Breath-control gets the most attention with more than 30 verses. The section describes alternate nostril breathing, advising 20 breath retentions in the morning, 20 at midday, 20 in the evening and 20 at midnight. The final three auxiliaries get relatively brief treatment before the text moves on to the second form of hathayoga.
THE WAY OF KAPILA
Separate from the above methods are the methods of Kapila, also called hathayoga. "Adepts such as Kapila, on the other hand, practised Force [hatha] in a different manner" (29). "The difference is a difference in practice, but the reward is one and the same" (131).

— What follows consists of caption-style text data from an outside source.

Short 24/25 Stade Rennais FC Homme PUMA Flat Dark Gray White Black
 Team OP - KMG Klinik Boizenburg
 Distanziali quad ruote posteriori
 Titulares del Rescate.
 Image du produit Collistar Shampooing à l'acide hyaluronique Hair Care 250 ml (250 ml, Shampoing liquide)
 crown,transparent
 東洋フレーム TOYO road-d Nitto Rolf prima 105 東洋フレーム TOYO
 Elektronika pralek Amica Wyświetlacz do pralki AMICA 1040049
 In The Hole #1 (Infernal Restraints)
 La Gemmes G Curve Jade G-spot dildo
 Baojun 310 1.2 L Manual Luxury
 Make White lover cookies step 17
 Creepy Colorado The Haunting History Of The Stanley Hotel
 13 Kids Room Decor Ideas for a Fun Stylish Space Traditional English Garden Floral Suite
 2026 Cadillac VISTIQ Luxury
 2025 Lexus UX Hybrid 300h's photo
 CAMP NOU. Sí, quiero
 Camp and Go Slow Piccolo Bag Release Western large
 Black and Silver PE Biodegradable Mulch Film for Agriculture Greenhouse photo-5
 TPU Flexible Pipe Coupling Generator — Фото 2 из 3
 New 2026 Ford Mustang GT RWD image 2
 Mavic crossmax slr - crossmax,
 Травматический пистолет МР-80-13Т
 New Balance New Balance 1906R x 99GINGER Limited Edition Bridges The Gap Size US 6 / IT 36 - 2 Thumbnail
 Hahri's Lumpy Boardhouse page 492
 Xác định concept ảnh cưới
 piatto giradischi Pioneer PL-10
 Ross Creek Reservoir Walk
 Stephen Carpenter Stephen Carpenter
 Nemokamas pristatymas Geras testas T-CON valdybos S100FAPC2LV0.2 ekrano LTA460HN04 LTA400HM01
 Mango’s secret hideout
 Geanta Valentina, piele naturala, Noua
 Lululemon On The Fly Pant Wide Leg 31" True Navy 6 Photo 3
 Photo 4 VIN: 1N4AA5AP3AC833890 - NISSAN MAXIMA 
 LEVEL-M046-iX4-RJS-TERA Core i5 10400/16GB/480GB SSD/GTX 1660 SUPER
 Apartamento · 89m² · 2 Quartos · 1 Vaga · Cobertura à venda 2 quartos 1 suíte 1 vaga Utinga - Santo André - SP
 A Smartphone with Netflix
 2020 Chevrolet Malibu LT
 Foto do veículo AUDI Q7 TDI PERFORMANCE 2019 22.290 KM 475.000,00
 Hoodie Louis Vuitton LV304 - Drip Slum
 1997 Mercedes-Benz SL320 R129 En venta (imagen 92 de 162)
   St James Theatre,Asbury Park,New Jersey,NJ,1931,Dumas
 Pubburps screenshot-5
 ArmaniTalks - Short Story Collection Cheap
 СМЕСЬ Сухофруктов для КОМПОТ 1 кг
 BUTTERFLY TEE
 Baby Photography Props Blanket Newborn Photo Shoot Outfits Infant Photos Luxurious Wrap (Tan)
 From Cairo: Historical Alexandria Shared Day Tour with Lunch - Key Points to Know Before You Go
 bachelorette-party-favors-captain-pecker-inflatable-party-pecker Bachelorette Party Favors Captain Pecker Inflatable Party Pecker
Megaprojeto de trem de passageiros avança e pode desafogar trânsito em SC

Kapila's methods entail several mudras and bandhas, which involve the combination of physical position---"He should stretch out his right foot and hold it firmly with both hands" (133)---with breath-control---"he should hold [his breath] for as long as he can before exhaling" (134). The purpose of these practices is to move the winds and sacred fluids around the body.
It is not stated explicitly if the two forms of hathayoga can be practiced together or whether they should be kept separate. Over the ensuing centuries hathayoga became consolidated, combining the practices of the eight auxiliaries with the mudra practices of Kapila. In modern decades, hathayoga has evolved into a non-specific term meaning "the physical practices of yoga".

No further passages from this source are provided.